TASK STATEMENT. List all the lines in these records that hold "Full".
[[ RECORDS FOR THIS EXERCISE, beginning ]]
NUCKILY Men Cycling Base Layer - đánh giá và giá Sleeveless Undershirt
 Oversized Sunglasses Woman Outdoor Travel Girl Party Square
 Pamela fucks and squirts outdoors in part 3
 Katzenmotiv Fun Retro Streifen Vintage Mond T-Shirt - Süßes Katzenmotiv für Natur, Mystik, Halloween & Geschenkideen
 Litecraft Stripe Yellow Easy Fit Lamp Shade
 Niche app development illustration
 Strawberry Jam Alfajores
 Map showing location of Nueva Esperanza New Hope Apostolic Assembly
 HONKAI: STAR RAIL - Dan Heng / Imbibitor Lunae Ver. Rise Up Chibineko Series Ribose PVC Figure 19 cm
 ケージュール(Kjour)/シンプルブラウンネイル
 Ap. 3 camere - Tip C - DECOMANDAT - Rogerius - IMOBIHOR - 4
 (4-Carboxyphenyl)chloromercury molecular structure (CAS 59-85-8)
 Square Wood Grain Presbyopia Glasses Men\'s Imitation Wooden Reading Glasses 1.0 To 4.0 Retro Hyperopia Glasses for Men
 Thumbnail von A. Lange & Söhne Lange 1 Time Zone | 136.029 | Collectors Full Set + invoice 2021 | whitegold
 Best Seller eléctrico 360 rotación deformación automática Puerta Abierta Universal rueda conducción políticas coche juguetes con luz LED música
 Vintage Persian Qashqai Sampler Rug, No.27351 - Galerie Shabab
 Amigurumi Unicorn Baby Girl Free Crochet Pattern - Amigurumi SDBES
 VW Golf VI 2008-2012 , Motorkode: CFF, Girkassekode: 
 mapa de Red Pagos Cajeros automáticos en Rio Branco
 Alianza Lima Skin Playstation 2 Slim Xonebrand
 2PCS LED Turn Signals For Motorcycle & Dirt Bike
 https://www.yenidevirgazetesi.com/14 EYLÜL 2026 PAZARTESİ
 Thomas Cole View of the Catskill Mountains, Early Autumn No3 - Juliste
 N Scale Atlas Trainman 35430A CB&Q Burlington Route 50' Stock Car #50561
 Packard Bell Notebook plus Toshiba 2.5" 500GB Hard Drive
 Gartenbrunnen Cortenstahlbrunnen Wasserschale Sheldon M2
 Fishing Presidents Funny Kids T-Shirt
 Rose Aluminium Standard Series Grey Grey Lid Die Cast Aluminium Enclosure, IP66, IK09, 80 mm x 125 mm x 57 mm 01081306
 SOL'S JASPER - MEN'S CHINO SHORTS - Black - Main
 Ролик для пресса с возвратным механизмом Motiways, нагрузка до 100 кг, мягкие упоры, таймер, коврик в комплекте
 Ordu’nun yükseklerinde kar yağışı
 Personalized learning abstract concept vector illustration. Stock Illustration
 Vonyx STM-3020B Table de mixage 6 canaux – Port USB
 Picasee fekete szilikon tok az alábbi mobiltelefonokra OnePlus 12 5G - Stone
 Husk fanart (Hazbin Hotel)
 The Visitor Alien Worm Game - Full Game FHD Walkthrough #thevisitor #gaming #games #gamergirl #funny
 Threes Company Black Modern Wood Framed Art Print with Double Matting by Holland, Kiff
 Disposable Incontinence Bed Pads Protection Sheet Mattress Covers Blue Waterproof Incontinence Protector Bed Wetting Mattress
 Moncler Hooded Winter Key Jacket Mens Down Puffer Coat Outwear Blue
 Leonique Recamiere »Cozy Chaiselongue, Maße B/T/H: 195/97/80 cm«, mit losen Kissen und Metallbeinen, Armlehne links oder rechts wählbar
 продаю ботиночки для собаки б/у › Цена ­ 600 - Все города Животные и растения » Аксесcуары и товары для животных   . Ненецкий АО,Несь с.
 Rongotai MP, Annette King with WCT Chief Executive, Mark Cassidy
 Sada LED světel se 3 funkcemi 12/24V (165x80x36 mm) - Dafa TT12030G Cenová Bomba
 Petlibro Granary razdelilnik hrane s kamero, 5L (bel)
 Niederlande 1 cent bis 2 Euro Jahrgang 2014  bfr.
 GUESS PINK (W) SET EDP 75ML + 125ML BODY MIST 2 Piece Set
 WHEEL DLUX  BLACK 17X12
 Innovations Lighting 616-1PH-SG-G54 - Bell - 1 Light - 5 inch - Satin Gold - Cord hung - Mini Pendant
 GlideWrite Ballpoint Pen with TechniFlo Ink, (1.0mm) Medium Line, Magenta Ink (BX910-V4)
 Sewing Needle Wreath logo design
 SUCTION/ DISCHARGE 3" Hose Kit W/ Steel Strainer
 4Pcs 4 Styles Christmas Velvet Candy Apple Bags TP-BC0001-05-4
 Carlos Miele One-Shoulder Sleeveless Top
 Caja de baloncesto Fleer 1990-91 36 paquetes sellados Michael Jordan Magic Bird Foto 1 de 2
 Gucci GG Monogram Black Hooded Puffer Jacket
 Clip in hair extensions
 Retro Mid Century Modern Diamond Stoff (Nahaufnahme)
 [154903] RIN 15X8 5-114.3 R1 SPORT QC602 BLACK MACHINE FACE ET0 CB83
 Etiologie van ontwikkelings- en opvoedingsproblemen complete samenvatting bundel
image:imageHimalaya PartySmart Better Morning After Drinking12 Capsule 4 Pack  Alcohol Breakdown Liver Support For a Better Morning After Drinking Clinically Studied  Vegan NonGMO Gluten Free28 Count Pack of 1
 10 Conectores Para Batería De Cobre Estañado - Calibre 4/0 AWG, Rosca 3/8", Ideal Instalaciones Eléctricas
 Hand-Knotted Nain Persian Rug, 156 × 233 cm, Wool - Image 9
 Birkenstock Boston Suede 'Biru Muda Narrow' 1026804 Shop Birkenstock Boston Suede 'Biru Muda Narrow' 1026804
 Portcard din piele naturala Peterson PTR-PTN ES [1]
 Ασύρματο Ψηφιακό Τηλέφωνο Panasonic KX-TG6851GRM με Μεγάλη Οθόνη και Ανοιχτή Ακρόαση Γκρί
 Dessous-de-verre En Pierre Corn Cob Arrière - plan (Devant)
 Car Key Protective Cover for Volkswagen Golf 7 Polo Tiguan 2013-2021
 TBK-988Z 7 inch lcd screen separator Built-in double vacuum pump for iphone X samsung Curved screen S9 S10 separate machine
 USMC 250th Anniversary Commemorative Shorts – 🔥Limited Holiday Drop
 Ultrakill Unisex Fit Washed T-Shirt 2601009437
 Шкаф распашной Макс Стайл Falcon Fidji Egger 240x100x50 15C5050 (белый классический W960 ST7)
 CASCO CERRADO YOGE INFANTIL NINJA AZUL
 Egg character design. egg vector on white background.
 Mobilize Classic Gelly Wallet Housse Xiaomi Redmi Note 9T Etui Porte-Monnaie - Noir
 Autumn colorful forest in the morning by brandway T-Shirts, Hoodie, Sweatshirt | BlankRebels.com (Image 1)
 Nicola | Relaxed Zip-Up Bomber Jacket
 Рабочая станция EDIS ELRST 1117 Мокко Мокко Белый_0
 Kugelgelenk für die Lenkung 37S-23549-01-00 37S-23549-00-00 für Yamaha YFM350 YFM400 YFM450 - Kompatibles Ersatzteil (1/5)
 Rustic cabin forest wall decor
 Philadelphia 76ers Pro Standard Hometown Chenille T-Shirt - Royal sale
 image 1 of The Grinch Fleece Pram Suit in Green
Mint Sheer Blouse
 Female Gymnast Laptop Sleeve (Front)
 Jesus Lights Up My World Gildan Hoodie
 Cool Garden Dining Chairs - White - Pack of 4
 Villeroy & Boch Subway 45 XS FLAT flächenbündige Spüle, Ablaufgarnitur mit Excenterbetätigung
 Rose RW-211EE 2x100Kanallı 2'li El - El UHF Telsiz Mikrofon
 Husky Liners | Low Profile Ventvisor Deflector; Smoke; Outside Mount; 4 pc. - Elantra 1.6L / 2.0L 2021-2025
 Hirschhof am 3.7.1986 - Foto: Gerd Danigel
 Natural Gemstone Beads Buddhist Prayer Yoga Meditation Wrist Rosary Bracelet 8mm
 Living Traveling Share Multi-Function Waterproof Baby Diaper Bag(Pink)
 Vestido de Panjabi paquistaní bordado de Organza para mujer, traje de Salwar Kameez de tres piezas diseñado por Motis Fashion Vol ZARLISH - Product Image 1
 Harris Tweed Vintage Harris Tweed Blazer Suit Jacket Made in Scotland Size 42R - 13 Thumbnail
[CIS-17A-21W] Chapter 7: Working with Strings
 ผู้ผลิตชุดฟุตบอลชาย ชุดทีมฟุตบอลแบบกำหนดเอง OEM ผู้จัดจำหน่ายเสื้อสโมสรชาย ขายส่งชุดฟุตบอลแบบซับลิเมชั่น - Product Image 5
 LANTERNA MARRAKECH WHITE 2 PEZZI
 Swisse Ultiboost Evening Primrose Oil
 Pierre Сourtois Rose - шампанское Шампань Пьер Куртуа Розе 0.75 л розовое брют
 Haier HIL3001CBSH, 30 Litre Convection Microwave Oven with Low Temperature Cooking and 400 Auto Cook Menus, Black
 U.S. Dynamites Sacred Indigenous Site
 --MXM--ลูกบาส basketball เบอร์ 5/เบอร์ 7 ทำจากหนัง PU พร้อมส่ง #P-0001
[[ RECORDS FOR THIS EXERCISE, end ]]
WRITTEN ANSWER.
 Thumbnail von A. Lange & Söhne Lange 1 Time Zone | 136.029 | Collectors Full Set + invoice 2021 | whitegold
 The Visitor Alien Worm Game - Full Game FHD Walkthrough #thevisitor #gaming #games #gamergirl #funny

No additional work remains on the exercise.